THE SPICE OF LIFE

To most cooks, the humble peppercorn is still worth its weight in gold

OF ALL the distinctly flavoured seeds, barks, roots, fruits and leaves that we hoard in our cupboards, pepper is the most widely used. No plant since the apple in Eden has had a larger, more telling effect on human history than the black pepper vine.

Wars have been fought, kingdoms overthrown, unknown oceans braved, and continents discovered, all for the sake of peppercorns. In medieval times a pound of pepper was equal in value to a pound of gold, and good old Attila the Hun was wise enough to demand 300 pounds of pepper when he handed over his ransom note for the City of Rome.

The English in 1783, ever swift to spot a seriously advantageous barter, struck a bargain with the Rajah of Travancore by which the English would supply large quantities of arms and ammunition to his royal highness, in return for his annual harvest of peppercorns. Back in England a wealthy merchant would, instead of boasting about how much his house was worth, instead would flaunt ownership of a substantial cache of peppercorns, huge sacks of the stuff were kept safe and secure in the basement of homes, and were treated in the same way as we value money in the bank.

Today, black peppercorns account for more than 40 per cent of the entire world’s spice trade. The actual pepper fruits are produced by a woody, broad leafed evergreen vine, which is cultivated in the West Indies, India, Indonesia, Malaysia, and South America. Peppercorns are actually the fermented dried, unripe red berries of the plant Piper nigrun. The same fruit when green and unripe, can be dried or preserved in brine or vinegar to make green peppercorns, or when ripe they are dried, and de-husked to make white peppercorns.

Other than the once deeply important use of being an aid to preserving meat days gone by, pepper also had a medicinal role to play, with the monks of the period using the fruits to concoct a digestive stimulant and expectorants for their patients, pepper was also used as a base ingredient in many ointments designed to relieve skin afflictions and the odd nasty rash.

It has also been found to be a pretty effective friend to gardeners acting as it does as a deterrent against insects and deeply unpleasant creepy crawlies from dining on your plants. The ‘magic’ formula in order to deter unwanted visitors from taking up permanent residency in your tomato, cucumber, or rose patch is: take one half teaspoon of freshly ground black pepper and mix this with quarter of a pint of warm water then spray onto the plants. This liquid is toxic to everything including ants, silver fish, moths and roaches, and just to give a bit of double indemnity to your garden, sprinkle ground black pepper onto any ant path and just watch them flee for their lives!

For hundreds of years physicians have advocated black pepper for the relief of chronic toothache. They suggest taking half a teaspoon of black pepper( freshly ground) half a teacup of boiling water, stir, then cover with a lid and simmer on a low heat for seven minutes. Let the mixture ‘steep’ keeping it covered all the time, for about 15 minutes, then strain. Rinse the mouth with small sips, holding the liquid in the mouth for a minute or two then spit it out. Voila!- no toothache, and as a by- product of the treatment your gums are seemingly so stimulated by the effect that they become extra perky and healthy as well (well, in the 12th century it seemed to work).

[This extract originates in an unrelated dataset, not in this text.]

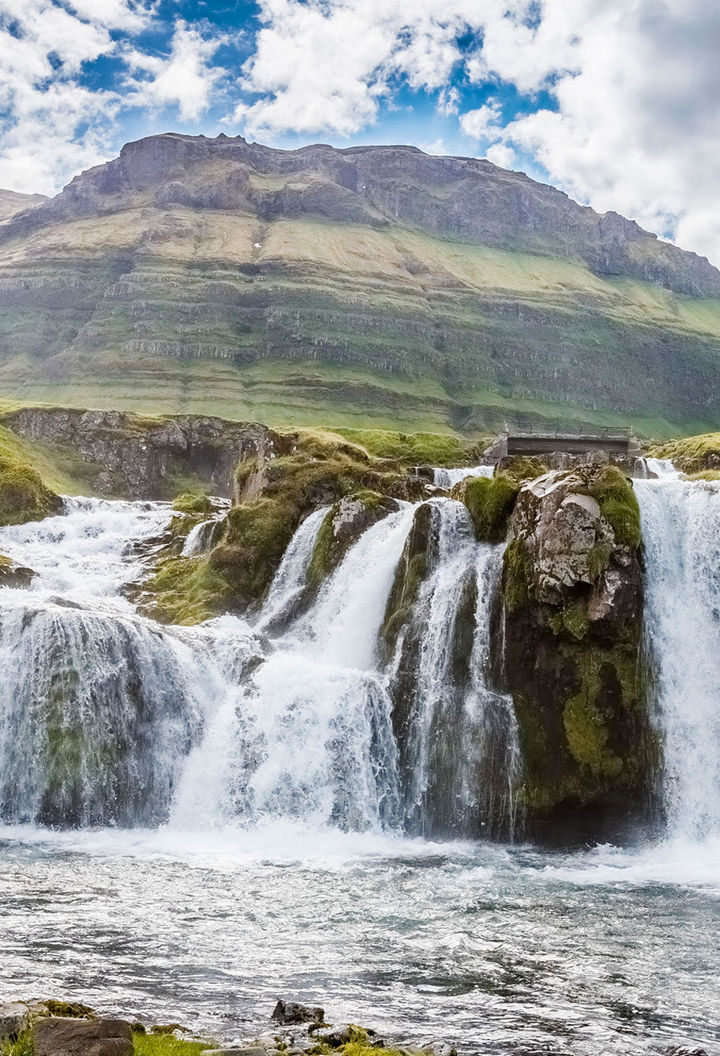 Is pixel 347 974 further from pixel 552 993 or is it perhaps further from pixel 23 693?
pixel 23 693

TALKING about terrific tasting pepper as both a condiment and as an alternative medical aid, the next thing one thinks about is when pepper really comes into its very own as a rich creamy piquant pepper sauce. We have managed to achieve a bit of a culinary coup, in that Christallo Costi has at long last given me her famous pepper sauce recipe. Mind you, she has been making this sauce both in her restaurant in South Africa and for her family and friends for so many years, like all good cooks she has long since forgotten actual measurements, she makes her magic solely by eye, and a goodly dose of experience, so this recipe is not in any way an exact science. Best try it and modify it to your own taste, but the important thing is do try it as its simply delicious – so good, in fact, that family members now request takeaways of the sauce to use not only as a perfect accompaniment for a sirloin steak, but it’s also used as a pasta sauce, or as a pour-over sauce to liven up cauliflower or any other rather bland vegetable dish.

Perky Pepper sauce
ala Christallo

1. Very finely chop a tiny amount (roughly 1tsp each of) onion, carrot, green pepper and red pepper.
2. Add half a chicken stock cube that has been diluted in a cup of hot water, and pour onto the vegetables,
3. Simmer until all water has been evaporated and the vegetables have been cooked.
4. Add 500ml of long life cream bring to the boil (but don’t burn) then simmer for 10-15 minutes.
5. Into a dry frying pan pour the freshly crushed peppercorns, dry fry in order to release their pungent flavour.
6. Pour peppercorns into the vegetable and cream mix, then add salt to taste, and gently heat the sauce again.
If the sauce turns out to be too runny then take one tbsp of flour and one tsp butter then knead these ingredients into a paste
and use a little (stirring constantly) until your sauce is thick enough
You can then pop this excellent thickening agent into the fridge, and use as a thickening agent in soups etc.